YaleStudents website generates student debate, reveals potential data governance gap in University policy
Vaibhav Sharma, Photo Editor
Editor’s note, Nov. 17, 8:28 a.m.: On Tuesday morning, after the story’s publication, the site’s creators introduced new data protection policies in a major walkback from their initial site.
“When YaleStudents was first released, all users were automatically opted in. We have since realized that this was an improper and inappropriate use of data — data should only be displayed with explicit consent,” a new banner reads. It appears as a pop up window when visitors enter the site.
All Yale student users are now opted out by default on the website. To be visible on the “Lookalikes,” “Neighbors” and “Maps” pages, students must specifically choose to opt in.
As of early Tuesday morning, just two dots appear on the site’s map — belonging to Gunderson and Yao — a far cry from the thousands that represented students scattered across the world just hours prior.
According to the founders, the security issue that left students’ GPS coordinates exposed in the plain text of the code has since been addressed. Sections from the site’s visualized statistics, which included average house price values by popular first name, state and major, have also vanished.
“Ultimately, we decided these changes were more responsible uses of Yale student data and better reflected the goals of our website,” wrote Gunderson and Yao in an email to the News.
Here’s the original story:
Facial recognition technology is used widely in smart phones, controversially in law enforcement surveillance — and now by Yale students on other Yale students in a newly developed website.

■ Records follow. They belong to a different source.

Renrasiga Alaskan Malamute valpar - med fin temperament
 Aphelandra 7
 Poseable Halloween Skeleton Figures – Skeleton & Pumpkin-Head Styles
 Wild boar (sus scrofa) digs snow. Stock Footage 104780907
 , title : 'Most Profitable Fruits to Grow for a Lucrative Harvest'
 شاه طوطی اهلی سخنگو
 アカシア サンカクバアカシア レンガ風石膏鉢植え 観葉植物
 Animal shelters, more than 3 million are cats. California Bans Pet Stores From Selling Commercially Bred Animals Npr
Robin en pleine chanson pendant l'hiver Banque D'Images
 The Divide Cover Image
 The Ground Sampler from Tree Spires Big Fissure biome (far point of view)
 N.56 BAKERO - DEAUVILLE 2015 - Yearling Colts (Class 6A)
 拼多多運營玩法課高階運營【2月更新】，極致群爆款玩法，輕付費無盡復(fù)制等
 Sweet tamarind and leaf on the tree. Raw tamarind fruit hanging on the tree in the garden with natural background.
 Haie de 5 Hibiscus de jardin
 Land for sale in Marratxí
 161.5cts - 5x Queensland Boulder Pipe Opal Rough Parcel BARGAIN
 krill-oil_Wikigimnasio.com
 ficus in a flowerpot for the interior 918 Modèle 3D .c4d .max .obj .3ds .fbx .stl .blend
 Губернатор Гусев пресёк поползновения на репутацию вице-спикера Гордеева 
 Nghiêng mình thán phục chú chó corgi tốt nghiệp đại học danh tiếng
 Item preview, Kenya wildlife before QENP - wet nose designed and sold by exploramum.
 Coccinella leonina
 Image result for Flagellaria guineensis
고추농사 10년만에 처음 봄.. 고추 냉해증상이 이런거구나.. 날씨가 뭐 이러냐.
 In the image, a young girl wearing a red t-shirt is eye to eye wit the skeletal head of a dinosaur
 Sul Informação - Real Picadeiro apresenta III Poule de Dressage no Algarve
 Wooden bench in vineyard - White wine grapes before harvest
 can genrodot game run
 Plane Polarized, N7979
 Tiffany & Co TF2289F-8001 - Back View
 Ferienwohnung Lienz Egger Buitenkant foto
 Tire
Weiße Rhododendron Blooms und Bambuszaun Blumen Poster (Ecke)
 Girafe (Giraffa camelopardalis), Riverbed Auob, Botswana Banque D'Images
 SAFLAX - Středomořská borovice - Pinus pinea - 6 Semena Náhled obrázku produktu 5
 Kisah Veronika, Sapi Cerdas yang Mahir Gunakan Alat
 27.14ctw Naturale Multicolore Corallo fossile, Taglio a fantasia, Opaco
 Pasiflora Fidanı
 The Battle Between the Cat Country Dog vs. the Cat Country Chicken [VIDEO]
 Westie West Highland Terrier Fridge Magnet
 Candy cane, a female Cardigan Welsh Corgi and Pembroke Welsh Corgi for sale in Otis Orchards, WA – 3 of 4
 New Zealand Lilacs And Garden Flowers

Earlier this month, John Gunderson ’24 and Chris Yao ’24 trained computer programs on the profiles of around 6,000 Yale undergraduates. Their final product, a website called YaleStudents that scrapes data from the official Yale Facebook, the University directory and other publicly available sites, allows students to search for classmates that live near them and “look like” them, according to algorithms. The site also displays data visualizations summarizing information that relates student names, birthdays, median house prices, majors and residential colleges.
The site’s release last Thursday has prompted conversations about how students should and should not use their classmates’ data — and what data ethics questions the University can and cannot regulate.
“People say [these uses] are not prohibited,” said Nathaniel Raymond, a lecturer at the Jackson Institute for Global Affairs who is teaching a course this semester on data ethics and governance. “That’s not the question. The question is whether they should be.”
After debuting via the anonymous student forum Librex, YaleStudents has quickly made the rounds among the student body. According to Gunderson and Yao, more than 1,700 unique users have visited the site, generating a total of 80,000 hits as of Sunday night. That’s an average of almost 50 clicks per user.
“We decided to put [the site] out there without commenting, so people can draw their own conclusions,” Gunderson said.
According to Gunderson, he and Yao created the site to invite community conversations about data privacy, campus diversity and facial recognition technology.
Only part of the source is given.